Ticket 1447 - Job Id resetting
Summary: Job Id resetting
Status: RESOLVED INFOGIVEN
Alias: None
Product: Slurm
Classification: Unclassified
Component: slurmctld (show other tickets)
Version: 14.03.11
Hardware: Linux Linux
: 2 - High Impact
Assignee: David Bigagli
QA Contact:
URL:
Depends on:
Blocks:
 
Reported: 2015-02-09 21:08 MST by Akmal Madzlan
Modified: 2015-02-11 15:28 MST (History)
2 users (show)

See Also:
Site: DownUnder GeoSolutions
Alineos Sites: ---
Atos/Eviden Sites: ---
Confidential Site: ---
Coreweave sites: ---
Cray Sites: ---
DS9 clusters: ---
HPCnow Sites: ---
HPE Sites: ---
IBM Sites: ---
NOAA SIte: ---
OCF Sites: ---
Recursion Pharma Sites: ---
SFW Sites: ---
SNIC sites: ---
Linux Distro: ---
Machine Name:
CLE Version:
Version Fixed:
Target Release: ---
DevPrio: ---
Emory-Cloud Sites: ---


Attachments

Note You need to log in before you can comment on or make changes to this ticket.
Description Akmal Madzlan 2015-02-09 21:08:16 MST
Hi,
Did you guys have any idea why this could happen? 

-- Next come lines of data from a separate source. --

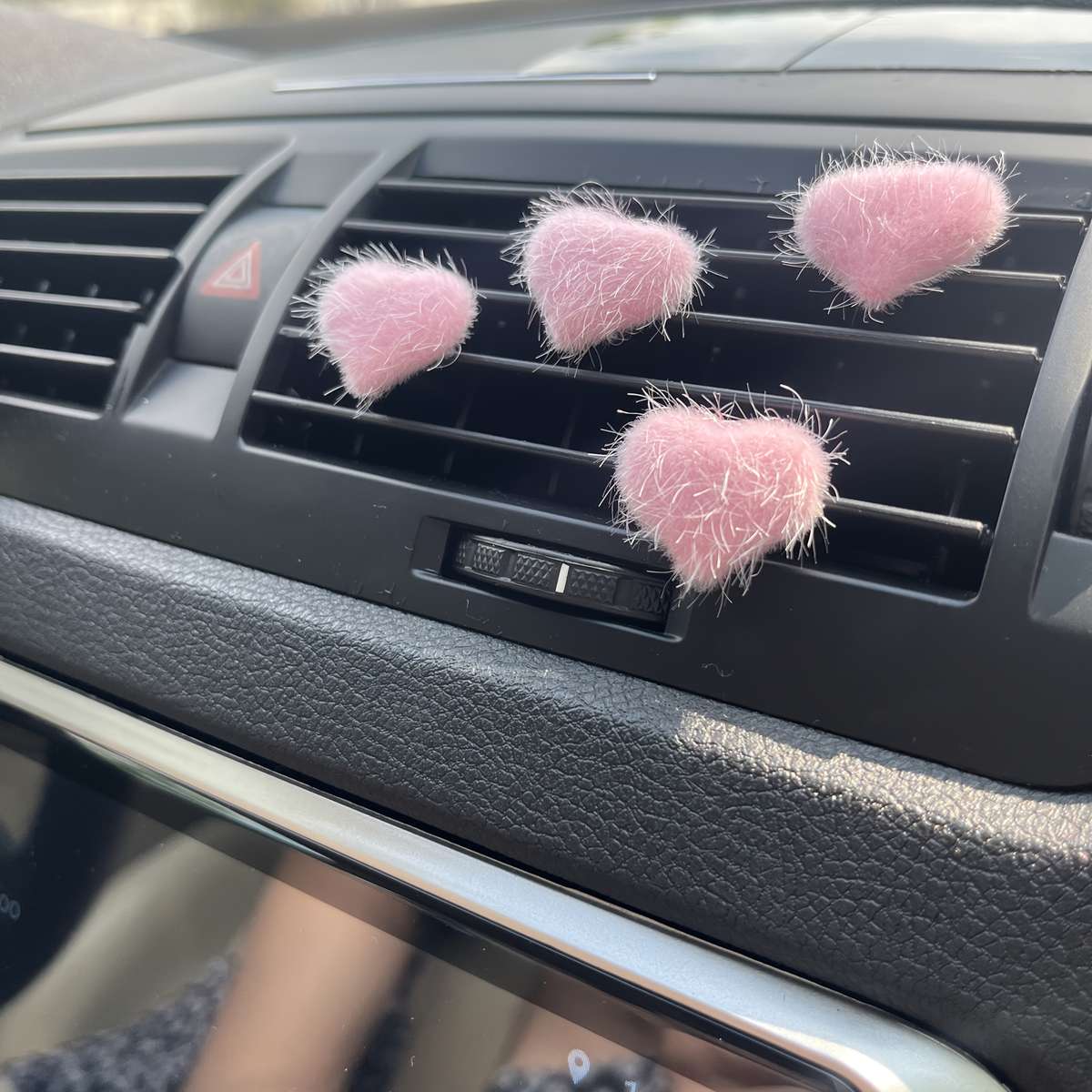 Car Interior Decor  2Pcs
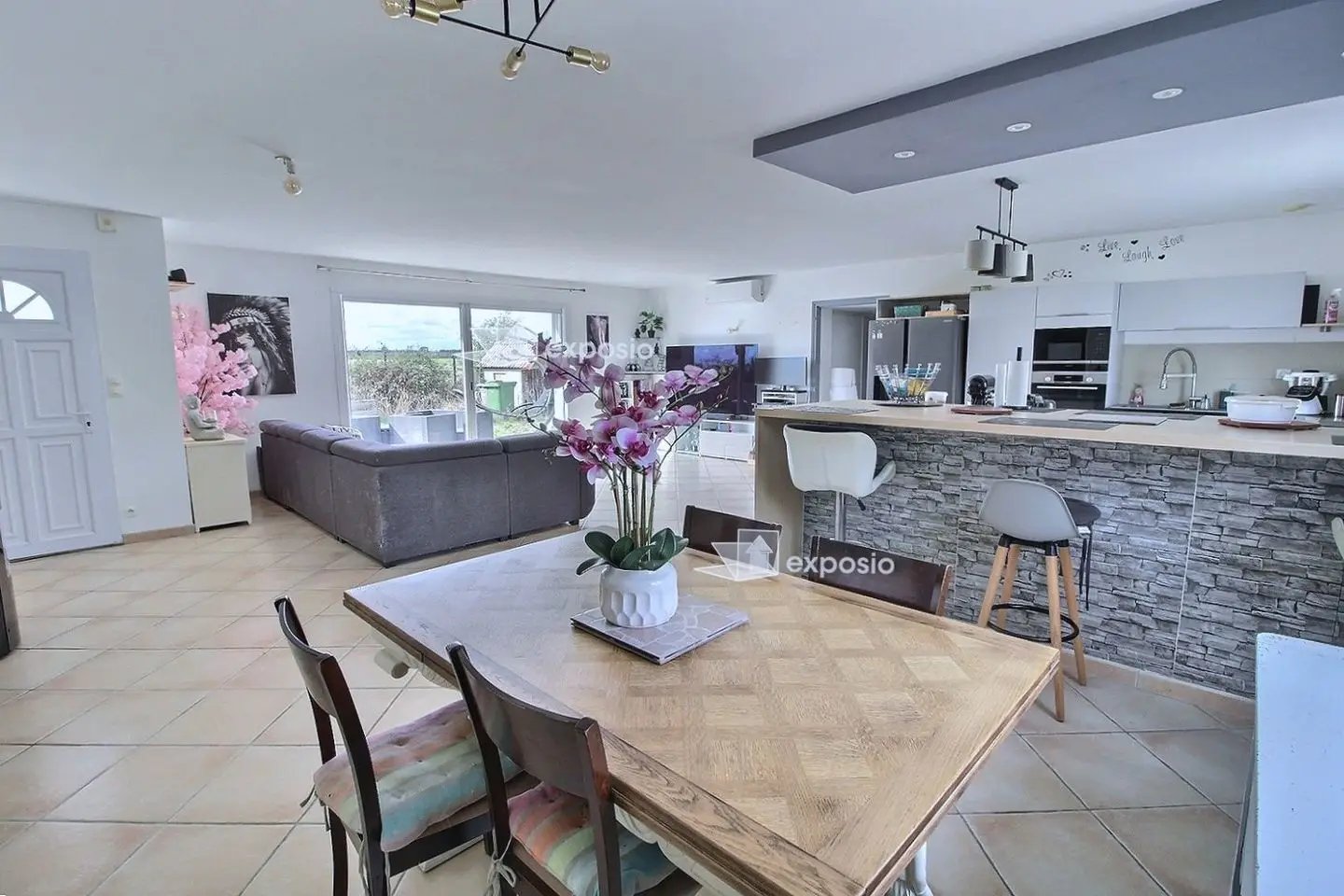 Maison à vendre, 204m², Brûlain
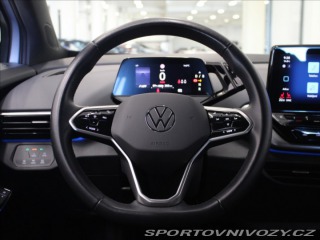 Volkswagen Ostatní modely ID.4 0,1 77kWh 195kW 4M Akční 2023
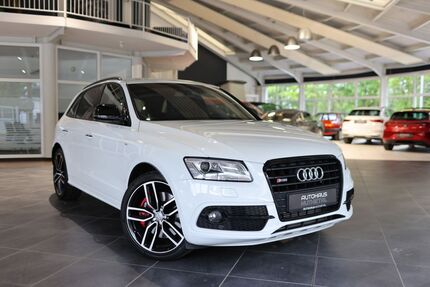 Audi SQ5 59.771 km 35.980 &euro; Nuthetal 14558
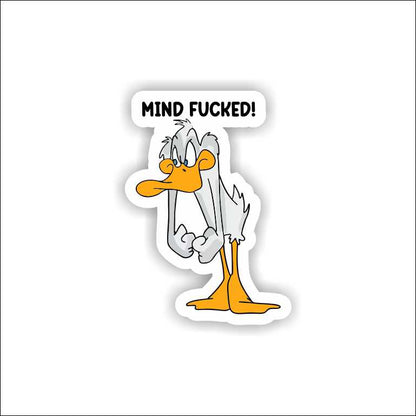 Mind Fuck
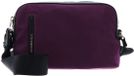 Mandarina Duck Hunter Crossover Bag Sin paars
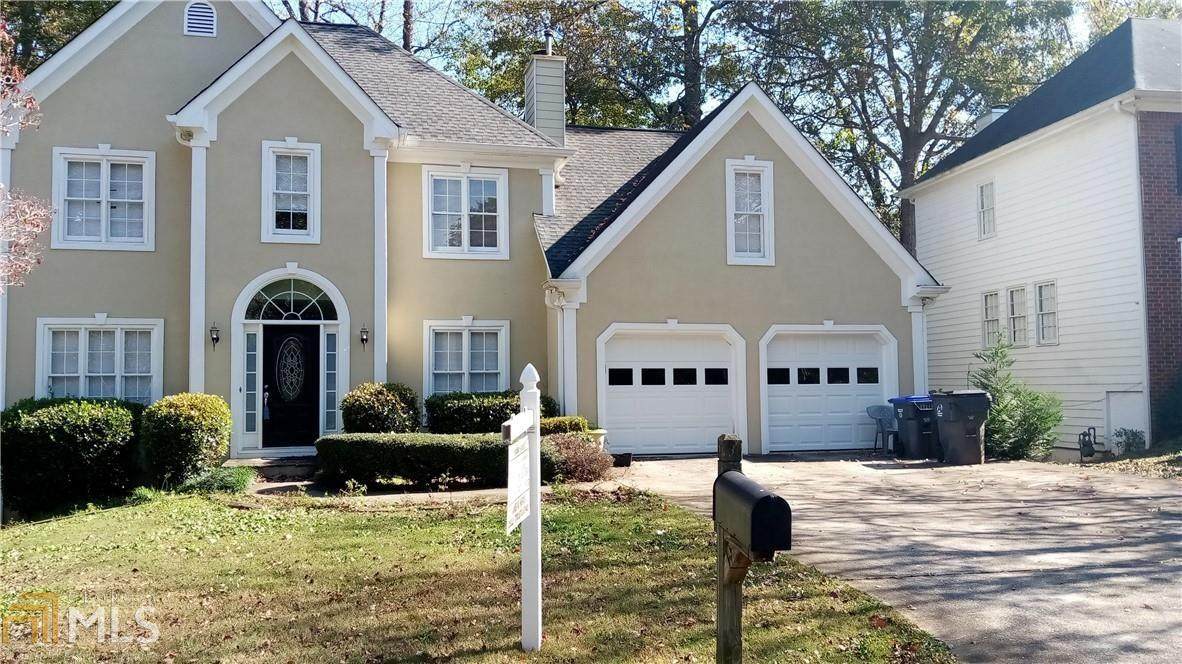 1415 Gabriel Dr - Photo 1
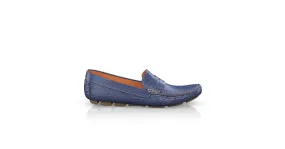 Classic Men's Moccasins 5257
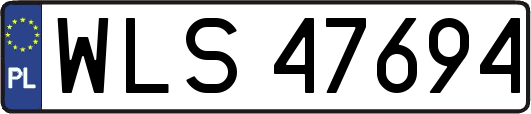 WLS47694
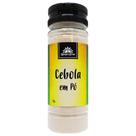 Cebola em Pó 100% Pura 50g Kampo de Ervas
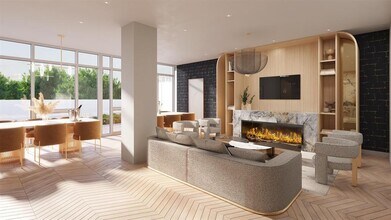 1350 Johnston Rd in White Rock, BC - Building Photo - Building Photo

[2015-01-30T19:13:31.303] debug2: [2015-02-06T20:20:14.733] licenses: init_license=ioother total=10 used=0
[2015-02-06T20:20:14.747] licenses: init_license=ioh1 total=22 used=0
[2015-02-06T20:20:14.747] slurmctld version 14.03.11 started on cluster houston
[2015-02-06T20:20:15.091] error: ***********************************************
[2015-02-06T20:20:15.092] error: Can not recover assoc_mgr state, incompatible version, got 29290 need > 11 <= 6912
[2015-02-06T20:20:15.092] error: ***********************************************
[2015-02-06T20:20:15.175] error: read_slurm_conf: default partition not set.
[2015-02-06T20:20:15.300] error: Incomplete node data checkpoint file
[2015-02-06T20:20:15.300] Recovered state of 0 nodes
[2015-02-06T20:20:15.320] error: ***********************************************
[2015-02-06T20:20:15.320] error: Can not recover job state, incompatible version
[2015-02-06T20:20:15.321] error: ***********************************************
[2015-02-06T20:20:15.321] cons_res: select_p_node_init
[2015-02-06T20:20:15.321] cons_res: preparing for 18 partitions
[2015-02-06T20:20:15.505] licenses: update_license=ioother total=10 used=0
[2015-02-06T20:20:15.505] licenses: update_license=ioh1 total=22 used=0
[2015-02-06T20:20:15.876] error: ************************************************************
[2015-02-06T20:20:15.876] error: Can not recover reservation state, data version incompatible
[2015-02-06T20:20:15.876] error: ************************************************************
[2015-02-06T20:20:15.876] error: Incomplete trigger data checkpoint file
[2015-02-06T20:20:15.876] read_slurm_conf: backup_controller not specified.
[2015-02-06T20:20:15.876] Reinitializing job accounting state
[2015-02-06T20:20:15.876] Ending any jobs in accounting that were running when controller went down on
[2015-02-06T20:20:15.877] cons_res: select_p_reconfigure
Comment 1 David Bigagli 2015-02-10 06:36:13 MST
Hi,
   what is happening that Slurm reads the state files in the StateSaveLocation
but those files appear to be corrupt or perhaps file system full, since the
data read are in unexpected format. The first 2 bytes encode the Slurm
version which is 6912 (27 << 8) for your version but instead a completely
different number was read 29290. Is there any problem with the file system.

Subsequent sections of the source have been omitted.